Un recruteur du nucléaire gardois était désemparé car son secteur propose pléthore d’emplois avec de hauts salaires, mais beaucoup réclament du télétravail. Ce qui est impossible dans cette filière. Cela vous étonne ?

Le télétravail est un nouveau privilège qui apporte de la liberté spatio-temporelle. Cette envie de télétravailler était quelque chose d’un peu latent avant la pandémie. Cela a explosé ensuite. Certains ont pu travailler à distance, d’autres pas. Cela a créé une petite jalousie, un sentiment de décalage. En général, les métiers où on pratique le télétravail sont plus rémunérateurs. Mais les membres de la génération Z peuvent accepter d’aller au bureau s’ils exercent un métier avec une forte valeur, aligné à leurs valeurs humaines. La question du sens au travail est importante.
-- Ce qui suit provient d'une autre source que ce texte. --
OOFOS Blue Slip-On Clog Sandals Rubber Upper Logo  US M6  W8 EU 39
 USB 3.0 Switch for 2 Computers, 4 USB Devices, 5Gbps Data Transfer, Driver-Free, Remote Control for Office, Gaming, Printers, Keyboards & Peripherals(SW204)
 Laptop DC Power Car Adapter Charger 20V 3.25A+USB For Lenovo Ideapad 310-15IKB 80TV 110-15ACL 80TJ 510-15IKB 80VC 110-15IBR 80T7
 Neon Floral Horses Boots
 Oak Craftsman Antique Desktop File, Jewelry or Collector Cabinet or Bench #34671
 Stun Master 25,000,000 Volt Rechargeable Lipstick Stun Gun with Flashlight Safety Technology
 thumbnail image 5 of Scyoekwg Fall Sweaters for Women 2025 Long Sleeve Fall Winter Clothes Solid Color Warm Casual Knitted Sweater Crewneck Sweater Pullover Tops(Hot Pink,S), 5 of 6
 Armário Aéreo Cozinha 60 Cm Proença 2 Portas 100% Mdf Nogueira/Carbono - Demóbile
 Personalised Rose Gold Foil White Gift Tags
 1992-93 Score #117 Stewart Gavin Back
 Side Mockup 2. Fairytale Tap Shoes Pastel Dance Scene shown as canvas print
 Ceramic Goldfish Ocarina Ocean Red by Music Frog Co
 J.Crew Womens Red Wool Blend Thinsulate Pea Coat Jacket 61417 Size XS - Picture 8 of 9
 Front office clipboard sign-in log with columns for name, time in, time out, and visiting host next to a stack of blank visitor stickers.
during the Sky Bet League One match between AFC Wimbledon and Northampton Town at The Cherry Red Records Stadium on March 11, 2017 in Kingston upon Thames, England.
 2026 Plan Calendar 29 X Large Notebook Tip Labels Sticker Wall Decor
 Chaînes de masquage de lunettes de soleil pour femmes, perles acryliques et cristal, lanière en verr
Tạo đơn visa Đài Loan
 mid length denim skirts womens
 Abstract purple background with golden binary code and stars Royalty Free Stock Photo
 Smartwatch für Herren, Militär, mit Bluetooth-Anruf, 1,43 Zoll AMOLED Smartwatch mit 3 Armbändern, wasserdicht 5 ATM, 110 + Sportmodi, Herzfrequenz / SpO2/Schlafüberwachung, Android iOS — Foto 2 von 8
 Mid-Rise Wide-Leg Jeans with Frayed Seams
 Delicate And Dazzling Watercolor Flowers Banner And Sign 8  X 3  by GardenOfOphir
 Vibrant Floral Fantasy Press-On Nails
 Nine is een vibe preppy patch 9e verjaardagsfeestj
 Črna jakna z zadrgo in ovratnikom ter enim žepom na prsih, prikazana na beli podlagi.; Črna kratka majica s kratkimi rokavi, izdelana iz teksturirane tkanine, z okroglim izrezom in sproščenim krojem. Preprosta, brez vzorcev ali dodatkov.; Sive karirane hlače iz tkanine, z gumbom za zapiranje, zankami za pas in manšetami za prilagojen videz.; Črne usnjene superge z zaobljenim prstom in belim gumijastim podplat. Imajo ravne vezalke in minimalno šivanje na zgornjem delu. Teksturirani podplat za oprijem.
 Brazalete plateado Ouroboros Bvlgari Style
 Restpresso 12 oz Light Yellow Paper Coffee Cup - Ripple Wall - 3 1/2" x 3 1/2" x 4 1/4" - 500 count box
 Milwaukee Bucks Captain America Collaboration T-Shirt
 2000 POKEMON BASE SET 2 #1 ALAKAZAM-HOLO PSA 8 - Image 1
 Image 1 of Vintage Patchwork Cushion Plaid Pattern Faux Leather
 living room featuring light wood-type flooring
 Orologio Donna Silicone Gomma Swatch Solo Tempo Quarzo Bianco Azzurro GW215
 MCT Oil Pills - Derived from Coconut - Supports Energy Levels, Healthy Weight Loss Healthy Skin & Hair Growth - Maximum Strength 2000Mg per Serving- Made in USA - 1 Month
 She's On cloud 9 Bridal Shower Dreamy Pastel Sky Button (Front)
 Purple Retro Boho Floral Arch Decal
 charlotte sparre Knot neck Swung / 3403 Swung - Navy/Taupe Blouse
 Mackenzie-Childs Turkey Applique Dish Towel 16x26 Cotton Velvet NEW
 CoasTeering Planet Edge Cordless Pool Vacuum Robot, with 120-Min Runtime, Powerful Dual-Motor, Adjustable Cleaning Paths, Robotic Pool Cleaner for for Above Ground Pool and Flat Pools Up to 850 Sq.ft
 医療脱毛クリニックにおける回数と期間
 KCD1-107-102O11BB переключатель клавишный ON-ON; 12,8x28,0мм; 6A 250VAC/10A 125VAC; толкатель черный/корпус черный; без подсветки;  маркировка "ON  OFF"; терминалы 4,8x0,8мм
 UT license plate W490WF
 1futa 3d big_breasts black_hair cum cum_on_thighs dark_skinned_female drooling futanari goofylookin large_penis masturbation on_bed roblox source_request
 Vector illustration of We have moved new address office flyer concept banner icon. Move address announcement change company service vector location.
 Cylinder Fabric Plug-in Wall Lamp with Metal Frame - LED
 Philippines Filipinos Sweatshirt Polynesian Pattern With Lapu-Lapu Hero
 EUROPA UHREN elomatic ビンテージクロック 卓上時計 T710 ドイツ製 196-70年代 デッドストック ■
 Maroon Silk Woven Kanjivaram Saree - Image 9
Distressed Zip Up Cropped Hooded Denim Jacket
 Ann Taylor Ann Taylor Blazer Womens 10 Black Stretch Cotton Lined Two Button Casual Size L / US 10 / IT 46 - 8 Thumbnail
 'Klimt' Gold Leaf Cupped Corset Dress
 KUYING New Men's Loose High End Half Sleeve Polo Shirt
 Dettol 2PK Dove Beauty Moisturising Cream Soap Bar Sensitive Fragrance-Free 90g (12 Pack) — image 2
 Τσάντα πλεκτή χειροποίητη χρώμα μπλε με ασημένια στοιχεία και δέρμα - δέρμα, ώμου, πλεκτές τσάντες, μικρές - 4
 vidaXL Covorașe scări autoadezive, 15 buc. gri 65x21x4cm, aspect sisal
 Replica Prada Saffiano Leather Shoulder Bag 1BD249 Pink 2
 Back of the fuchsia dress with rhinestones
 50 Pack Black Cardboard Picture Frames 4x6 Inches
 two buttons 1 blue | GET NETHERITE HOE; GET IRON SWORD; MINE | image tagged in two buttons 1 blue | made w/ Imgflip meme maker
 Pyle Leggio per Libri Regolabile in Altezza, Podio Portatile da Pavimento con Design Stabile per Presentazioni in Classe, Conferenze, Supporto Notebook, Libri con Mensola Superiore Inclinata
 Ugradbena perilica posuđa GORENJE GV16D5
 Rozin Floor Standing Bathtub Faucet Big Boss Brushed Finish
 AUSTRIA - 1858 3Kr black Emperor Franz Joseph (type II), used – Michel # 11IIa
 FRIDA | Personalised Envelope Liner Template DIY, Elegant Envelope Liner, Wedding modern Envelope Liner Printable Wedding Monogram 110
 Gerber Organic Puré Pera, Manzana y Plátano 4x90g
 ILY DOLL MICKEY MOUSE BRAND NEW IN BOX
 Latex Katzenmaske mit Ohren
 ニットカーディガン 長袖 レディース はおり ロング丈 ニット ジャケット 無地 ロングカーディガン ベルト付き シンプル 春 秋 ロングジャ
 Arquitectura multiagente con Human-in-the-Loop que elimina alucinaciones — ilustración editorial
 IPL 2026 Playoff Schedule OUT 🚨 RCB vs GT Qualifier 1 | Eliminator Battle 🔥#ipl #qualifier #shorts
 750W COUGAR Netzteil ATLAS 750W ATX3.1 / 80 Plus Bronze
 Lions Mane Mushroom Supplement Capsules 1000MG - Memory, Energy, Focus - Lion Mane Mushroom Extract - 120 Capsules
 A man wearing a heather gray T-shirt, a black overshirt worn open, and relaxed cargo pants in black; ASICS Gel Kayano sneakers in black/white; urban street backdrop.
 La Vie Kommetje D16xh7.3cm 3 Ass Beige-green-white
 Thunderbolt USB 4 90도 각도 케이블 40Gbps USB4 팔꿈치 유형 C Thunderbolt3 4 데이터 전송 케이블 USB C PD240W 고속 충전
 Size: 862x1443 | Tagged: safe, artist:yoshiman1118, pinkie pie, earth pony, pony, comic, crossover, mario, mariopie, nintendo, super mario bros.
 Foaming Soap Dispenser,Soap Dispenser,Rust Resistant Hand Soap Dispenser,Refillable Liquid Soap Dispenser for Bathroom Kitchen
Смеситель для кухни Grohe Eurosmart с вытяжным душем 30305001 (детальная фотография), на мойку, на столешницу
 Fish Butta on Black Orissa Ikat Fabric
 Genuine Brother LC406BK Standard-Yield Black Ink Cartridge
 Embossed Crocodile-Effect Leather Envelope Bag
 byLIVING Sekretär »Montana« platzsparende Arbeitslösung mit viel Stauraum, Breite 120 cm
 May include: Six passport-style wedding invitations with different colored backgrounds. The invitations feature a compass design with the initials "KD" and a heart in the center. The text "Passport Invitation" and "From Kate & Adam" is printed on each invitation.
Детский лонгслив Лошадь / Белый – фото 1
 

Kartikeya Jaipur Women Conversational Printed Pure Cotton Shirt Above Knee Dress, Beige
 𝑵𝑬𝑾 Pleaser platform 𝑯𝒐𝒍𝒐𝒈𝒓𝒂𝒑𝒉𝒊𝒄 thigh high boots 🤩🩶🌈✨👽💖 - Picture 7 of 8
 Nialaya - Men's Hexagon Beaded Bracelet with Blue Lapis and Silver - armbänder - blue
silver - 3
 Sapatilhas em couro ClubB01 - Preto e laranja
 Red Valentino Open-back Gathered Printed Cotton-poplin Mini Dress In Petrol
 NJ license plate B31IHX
Est-ce que l’on manage la génération Z comme les autres ?

Ils veulent des horaires. Les métiers du soin ou de la boulangerie où on peut travailler la nuit peuvent les bloquer. J’ai beaucoup travaillé au Canada. Là-bas, on respecte les horaires. C’est clair et c’est sain. Le monde du travail en France n’était pas très sain. Les contrats n’étaient pas forcément respectés, les gens ne se parlaient pas forcément bien. Il y a eu le mouvement Me too, Black lives matter… Il y a des choses qui ne passent plus. Les jeunes de la génération Z disent que les blagues sur ces questions ne les font pas rire et surtout que ce n’est pas légal. C’est le choc des cultures. Peut-être que l’enjeu est de se réinventer.